Thou Shalt Not Overeat
Most religions have strong injunctions against gluttony.
Buddhism encourages avoidance of sensory excess. The third Buddhist precept is the avoidance of excess of sex, but many Buddhists interpret this precept as avoiding gluttony in all areas. Buddhists try to transcend the senses but this is not necessarily achieved through suffering.

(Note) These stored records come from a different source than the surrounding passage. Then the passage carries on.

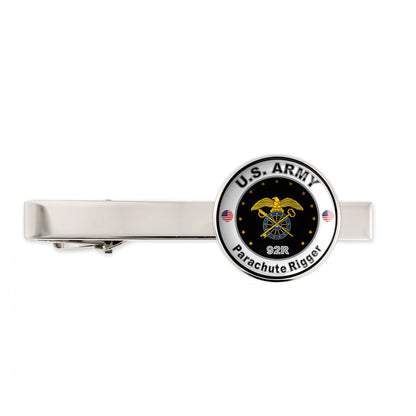 US Army Parachute Rigger 92R Military Veteran Tie Clip Tie Bar Gift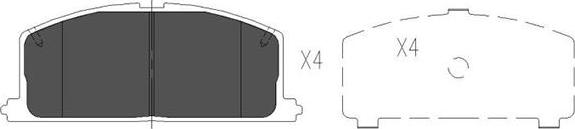 Kavo Parts KBP-9109 - Kit de plaquettes de frein, frein à disque cwaw.fr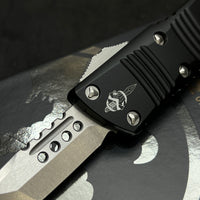 MICROTECH TROODON MINI HELLHOUND SIGNATURE SERIES STONEWASH STANDARD 819-10 S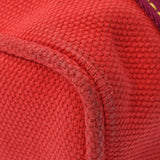 Louis Vuitton Louis Vuitton Antigua Caba MM Red M40034 Ladies Cotton Canvas Handbag B Rank Used Silgrin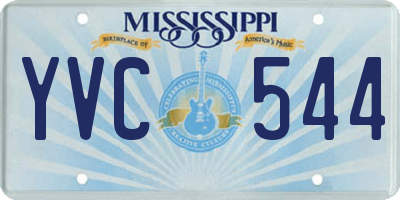 MS license plate YVC544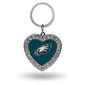 NFL Philadelphia Eagles Rhinestone Heart Keychain - image 1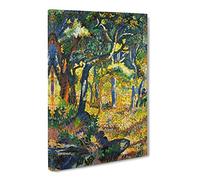 A Clearing In Provence By Henri Edmond Cross Canvas Print | Gallery Wrapped 30mm Frame Wall Art | 20x14 inches | Ready to Hang | Classic Religious Picture | Living Room Bedroom Lounge Office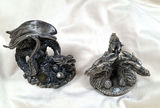 Two Dragon Figurines by The Tudor Mint, Solid Metal, - thumbnail 1 of 5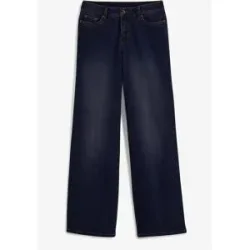 bonprix Weite Jeans Loose Fit, 5-Pocket-Style, Wide-Leg Jeans, Mid Waist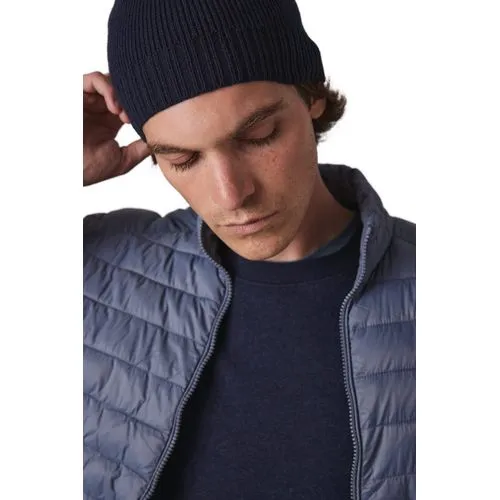 Bonnet bordure côtelée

Though overeating is not propers, the Buddha warned that complete lack of eating is not proper either, and advised appropriate attention to the body's needs. The Buddha said: "You should lose your involvement with yourself and then eat and drink naturally, according to the needs of your body. Attachment to your appetites--whether you deprive or indulge them--can lead to slavery, but satisfying the needs of daily life is not wrong. Indeed, to keep a body in good health is a duty, for otherwise the mind will not stay strong and clear." (Discourse II)
The book of Proverbs states, "Be not among winebibbers,or among gluttonous eaters of meat; for the drunkard and the glutton will come to poverty, and drowsiness will clothe a man with rags. (Proverbs 23:20-21)." The New Testament also encourages moderation. St. Paul wrote in 1 Corinthians, "Do you not know that your body is a temple of the Holy Spirit within you, which you have from God? You are not your own; you were bought with a price. So glorify God in your body (1 Corinthians 6:19-20)."
The Christian diet craze has been in full force in the past few years, spearheaded by writer Gwen Shamblin, whose recent books include "The Weigh Down Diet" and "Rise Above: God Can Set You Free from Your Weight Problems Forever." Shamblin's work is rooted in basic Christian theology about gluttony: overeat and bear the consequences.